His widow; Ina (my grandmother, on my mother’s side of the family), sold the Foxwood Drive in Bridgeton the following month, approximately one week before Halloween. She would remain in seclusion for eight months, before resurfacing as the new owner of a smaller residence located in St. Ann, a suburb of St. Louis County. Only minutes from her previous one, she and Hank had once considered purchasing it instead of the one in Bridgeton. Unavailable at the time though, the Bridgeton property became he and Ina’s first home instead. Before that, they had lived in apartments and mobile homes. They married in 1968 ( photo ) at a Lutheran church in Bel Nor…located just around the corner and down the block from the now-famous 1949 exorcism house which served as inspiration for author William Peter Blatty’s fictional novel about demonic possession—The Exorcist.
An employee at nearby McDonnell Douglas Aircraft, Hank worked there as a technical illustrator. He would eventually invest in 115 acres of rural undeveloped land in St. Charles County. It was an investment that he hoped would pay off with a profit. It did. The Bridgeton home would be later purchased using that “profit” money. Affectionately dubbed “The Land,” Hank was cautioned against tearing down the last remaining remnant of the former homestead which had once stood there; an old dilapidated barn, who some in the area believed was “haunted.” Whether is was or whether it was not, Hank eventually hired a local contractor to tear it down, before putting the property up for sale.
Hank had always been in perfect health. Following the sale of the St. Charles property (and the tearing down of that so-called “haunted barn”) Hank’s health began to decline. Problems with his eyes was soon followed by accelerated diabetes. He developed leg problems, heart problems, and was soon being treated for acute depression. It was like all the luck he had once had was now used up. Fearing that he might soon become “a burden” to Ina, he shot himself on Labor Day (1974) with a .38 caliber Smith & Wesson. He met death forty-eight hours later (his death certificate) with his head still heavily wrapped in bloody bandages, without ever having regained consciousness.
The disturbances inside the St. Ann house did not begin immediately. There was a four month period, between its initial purchase on May 2nd (1975) and late August/early September, when all was normal, quiet and uneventful. Then, right around the first anniversary since Hank’s death, “strange things” began to take place there. The first I became aware of it was when my mother received a phone call late one evening from a “very frightened” Grandma Ina. There was no calming her down. She insisted that my father come over immediately. At the time, we lived in University City. Not far away, the trip over there would have been an inconvenience at best, but since both of my parents worked and had to get up early, whatever was happening over there would have to wait. “But there is someone living in my attic!” she whispered. “I can hear them walking around up there!”

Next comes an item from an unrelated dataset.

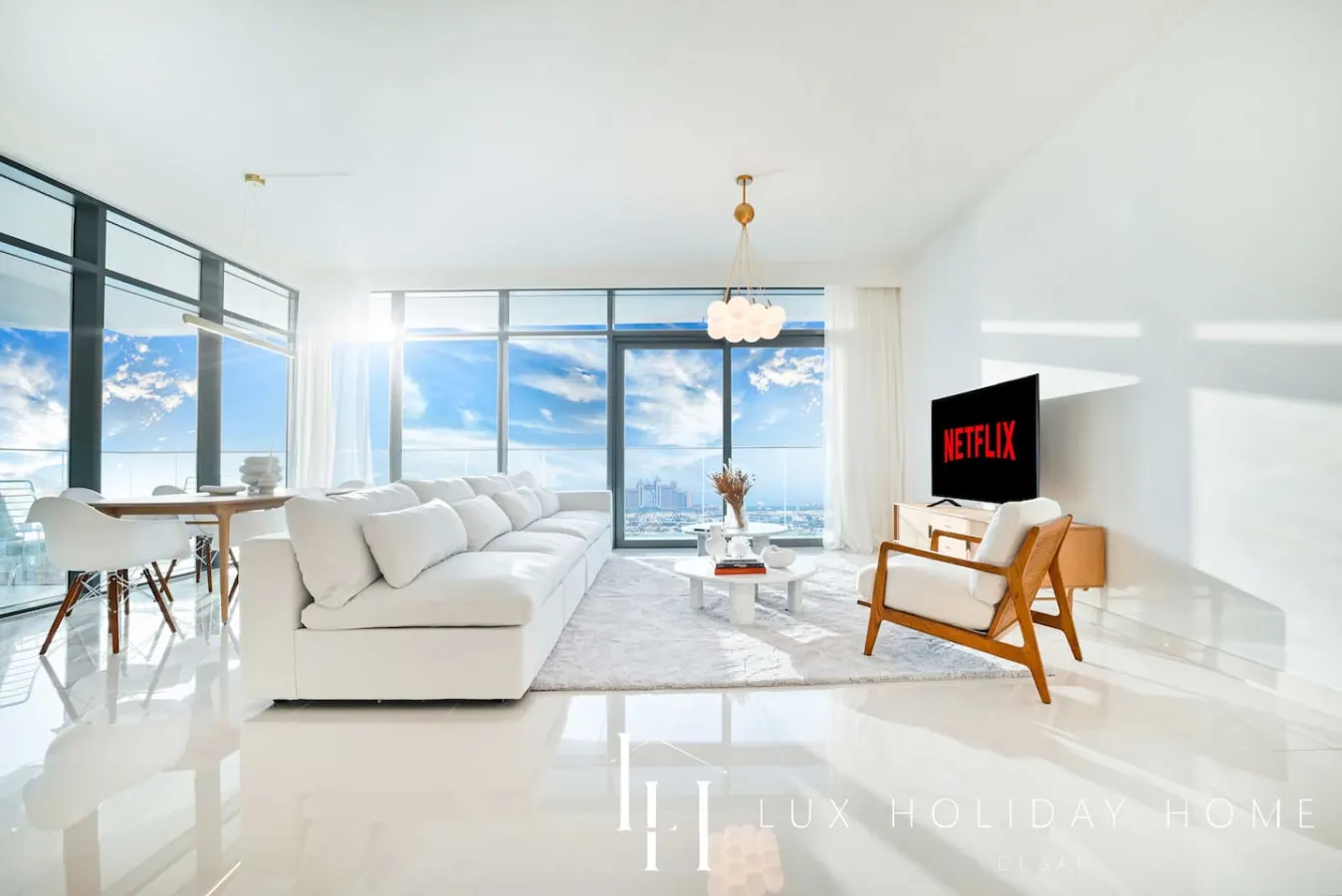 LUX The ULTRA Luxury Palm Dubai Eye View Suite 17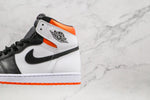 Tênis Nike Air Jordan 1 Retro High Electro Orange - Vilas Store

My grandmother had placed all of her late husband’s personal effects in a small connecting room that had been built to merge the main house with the formerly detached garage. Had Hank lived, this room would have become his private work den. Intended as merely a sun room, it was not wired for any electricity, nor was it climate controlled. Whatever the outside temperature was, that’s what this room would more than likely reflect. However, no feasible explanation could be given how when in the high heat of August (with temperatures pressing near 100 degrees), why this particular room would continually feel “ice cold.” A faintness-like dizziness seemed to come over anyone who remained in this room for an extended period of time. In the adjacent garage, garden tools which Hank had once owned and used kept falling off their hooks and wall mounts. Shovels, rakes, hedge clippers and other items could be heard on a semi-regular basis falling loudly onto the garage floor. This would usually occur in the middle of the night, shortly before bedtime.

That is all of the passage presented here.